Task goal
Transcribe the records below word for word, leaving every picture out.

(Captioned web images)
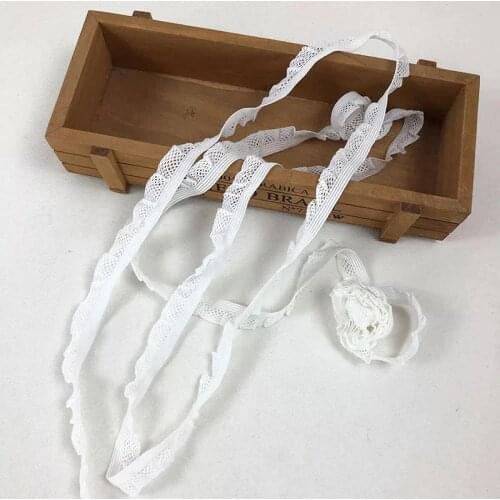 10 meters white elastic lace ribbon lace rubber band Doll clothes lace materials Diy lace trim 1.5cm
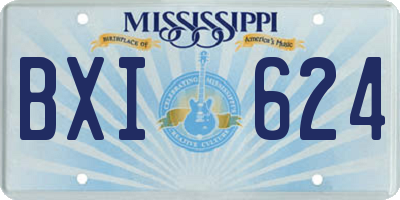 MS license plate BXI624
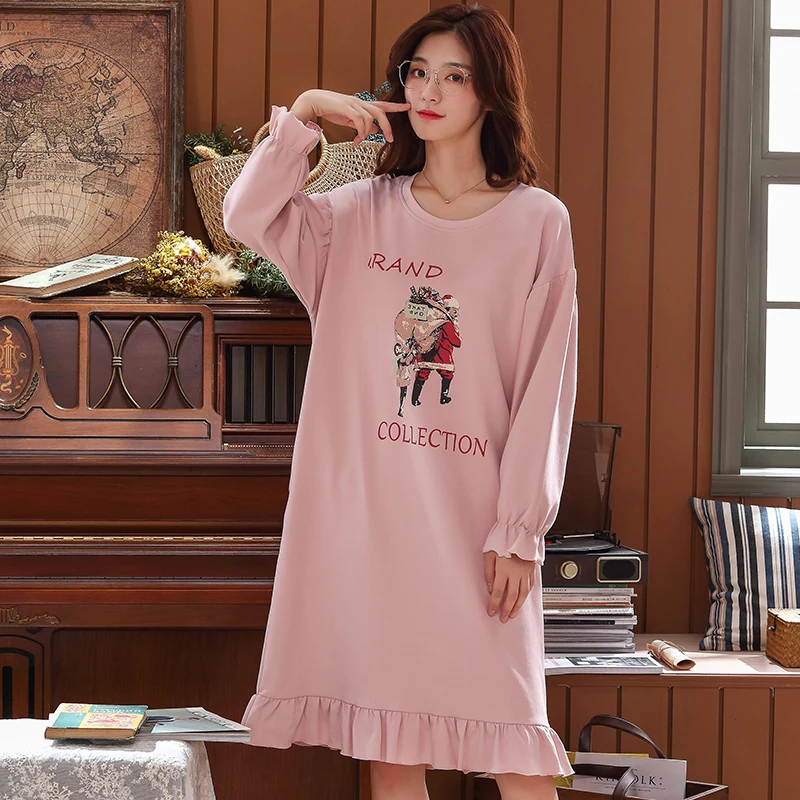Ночная рубашка из хлопка с длинными рукавами; осеннее Ночное платье; Kawaii; розовая ночная рубашка с рисунком; большие размерная рубашка для женщин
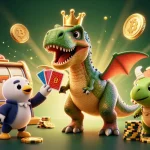 Jouez à des jeux de casino en ligne France avec un T-Rex amusant, cartes à jouer et jetons en or.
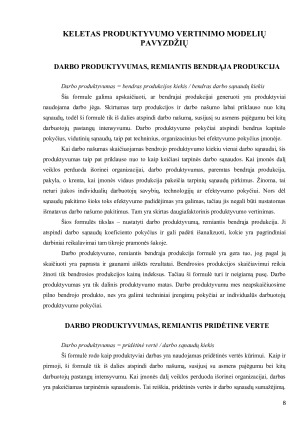 Produktyvumo matavimas. Produktyvumo vaidmuo ekonominiame šalies vystymesi. Pasirinktų šalių palyginimas. Paveikslėlis 8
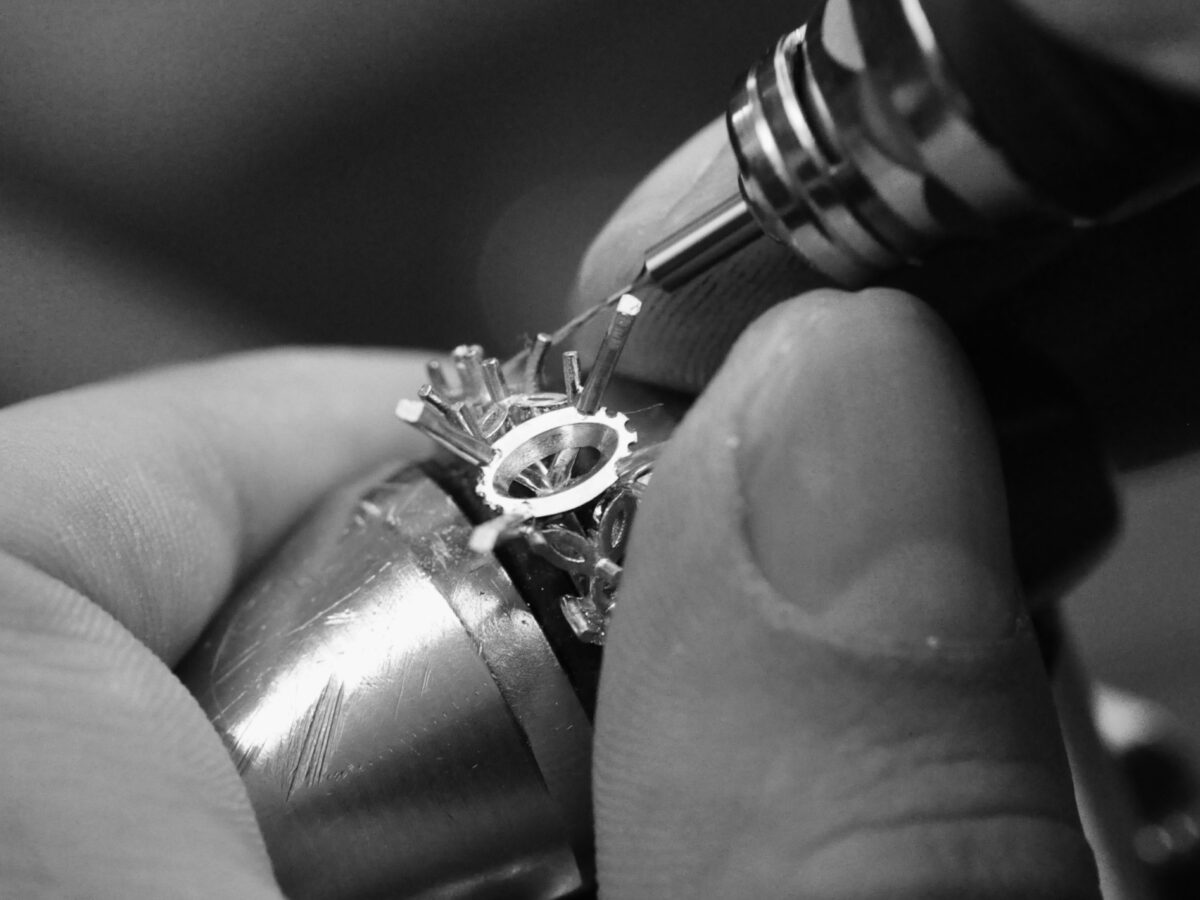 Setting stones in a signature Blackacre ring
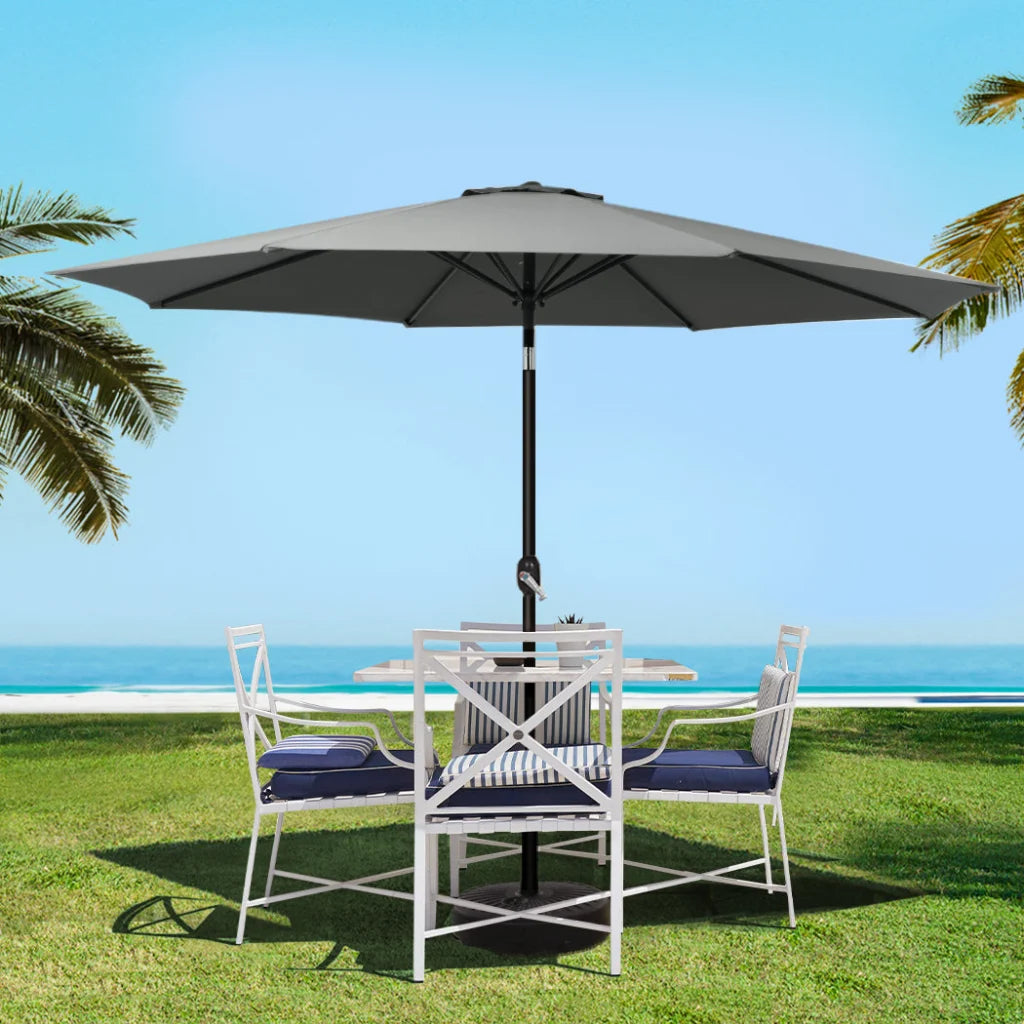 Outdoor Umbrella 3M Base Beach Pole Garden Tilt Sun Patio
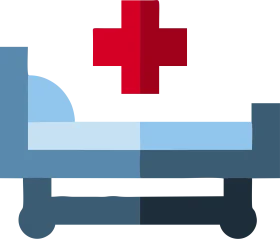 Minimalist Hospital Bed Clipart with Red Medical Cross Symbol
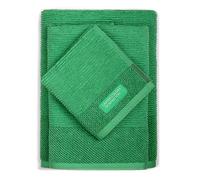 UNITED COLORS OF BENETTON. BE022 Set 3pcs Toallas de baño (30 x 50 + 50 x 90 + 70 x 140 cm) 450 gsm 100% algodón Verde Casa Benetton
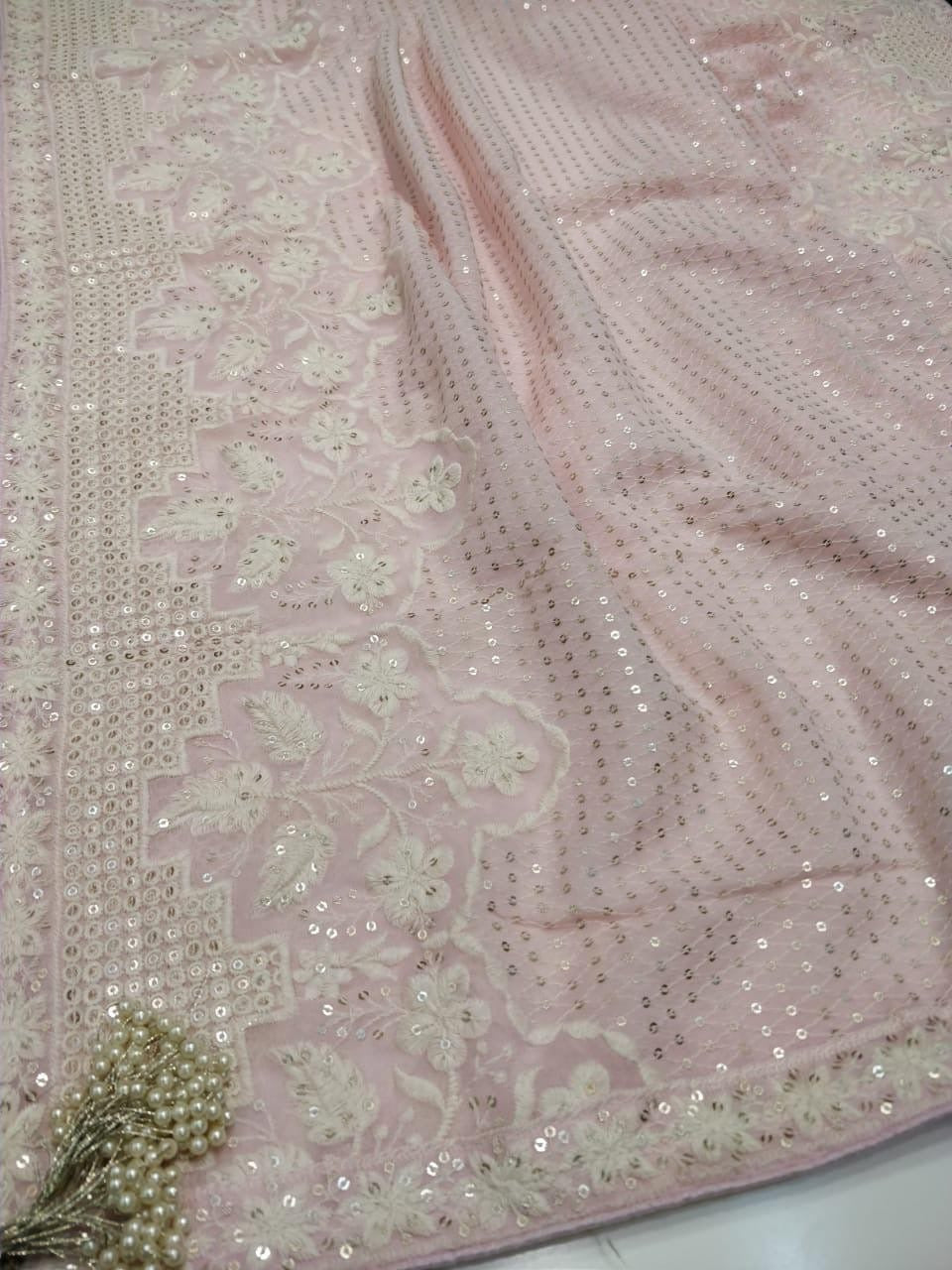 ATHARVA Hand Embroidered Salwar Kameez Chanderi Shirt/Lucknowi Georgette Dupatta/Custom Stitch Unstitch/Custom Anarkali/CH18014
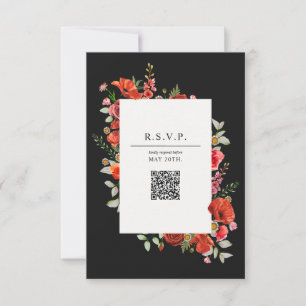 Wildflower Poppy Botanical QR Wedding RSVP Card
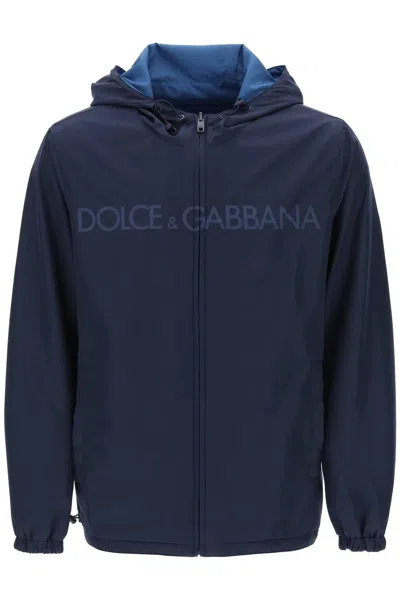 Dolce & Gabbana Logo-print Hooded Reversible Shell Jacket In Blue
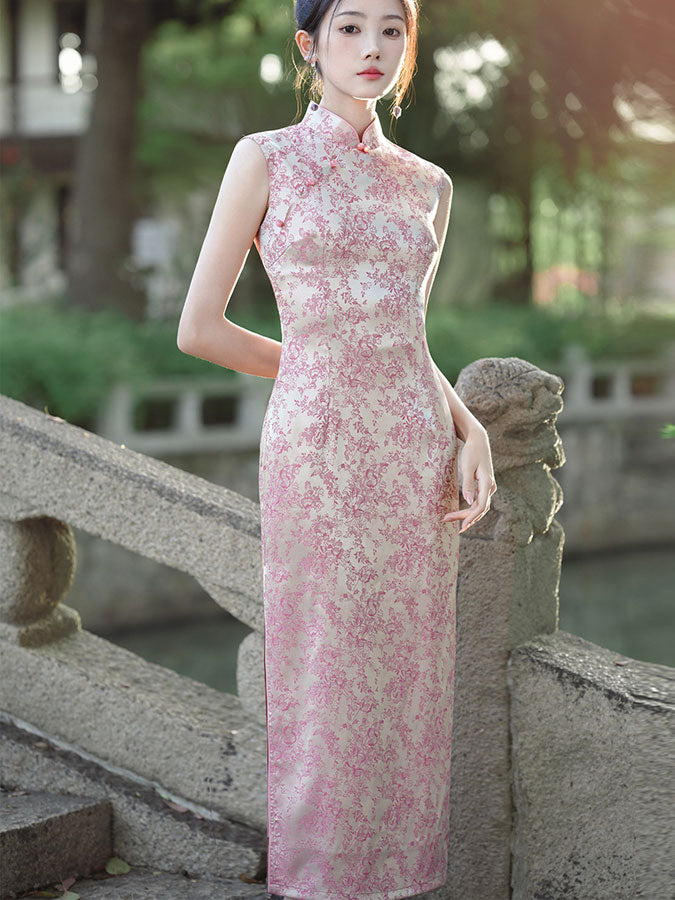 Elegant Pink Jacquard Floral Sleeveless Long Qipao Dress for Women | Traditional Chinese Cheongsam | Perfect for Weddings, Parties & Special Occasions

Exercise answer
 10 meters white elastic lace ribbon lace rubber band Doll clothes lace materials Diy lace trim 1.5cm
 MS license plate BXI624
Ночная рубашка из хлопка с длинными рукавами; осеннее Ночное платье; Kawaii; розовая ночная рубашка с рисунком; большие размерная рубашка для женщин
 Jouez à des jeux de casino en ligne France avec un T-Rex amusant, cartes à jouer et jetons en or.
 Produktyvumo matavimas. Produktyvumo vaidmuo ekonominiame šalies vystymesi. Pasirinktų šalių palyginimas. Paveikslėlis 8
 Setting stones in a signature Blackacre ring
 Outdoor Umbrella 3M Base Beach Pole Garden Tilt Sun Patio
 Minimalist Hospital Bed Clipart with Red Medical Cross Symbol
 UNITED COLORS OF BENETTON. BE022 Set 3pcs Toallas de baño (30 x 50 + 50 x 90 + 70 x 140 cm) 450 gsm 100% algodón Verde Casa Benetton
 ATHARVA Hand Embroidered Salwar Kameez Chanderi Shirt/Lucknowi Georgette Dupatta/Custom Stitch Unstitch/Custom Anarkali/CH18014
 Wildflower Poppy Botanical QR Wedding RSVP Card
 Dolce & Gabbana Logo-print Hooded Reversible Shell Jacket In Blue
 Elegant Pink Jacquard Floral Sleeveless Long Qipao Dress for Women | Traditional Chinese Cheongsam | Perfect for Weddings, Parties & Special Occasions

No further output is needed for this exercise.